[Image-text web data]
----
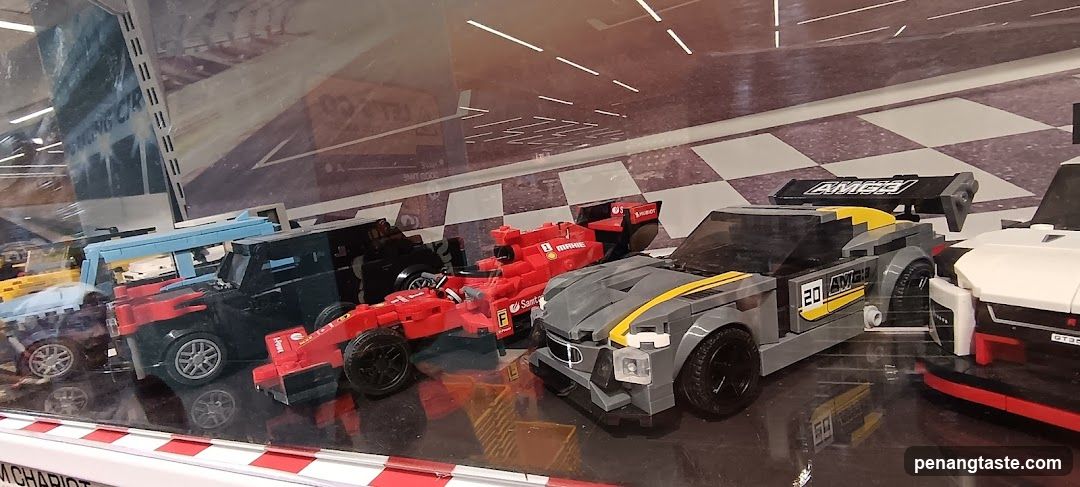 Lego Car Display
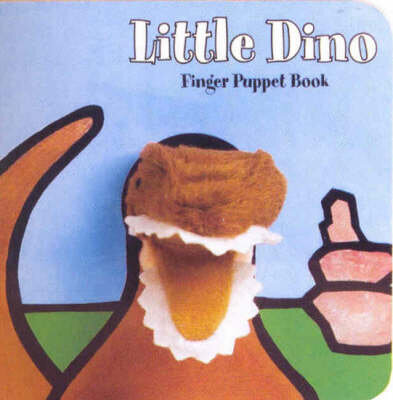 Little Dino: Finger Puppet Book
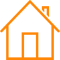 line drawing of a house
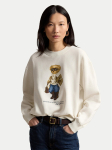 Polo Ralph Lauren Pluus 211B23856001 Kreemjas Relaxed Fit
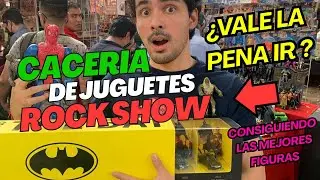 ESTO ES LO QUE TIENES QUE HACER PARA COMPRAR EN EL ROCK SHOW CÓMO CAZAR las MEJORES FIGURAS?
----
**Task brief:** Write out exactly the lines from the line holding "line drawing of a house" through the last line of the records above, inclusive, and nothing more. Leave out the pictures.

**Answer space:**
 line drawing of a house
 Polo Ralph Lauren Pluus 211B23856001 Kreemjas Relaxed Fit
 ESTO ES LO QUE TIENES QUE HACER PARA COMPRAR EN EL ROCK SHOW CÓMO CAZAR las MEJORES FIGURAS?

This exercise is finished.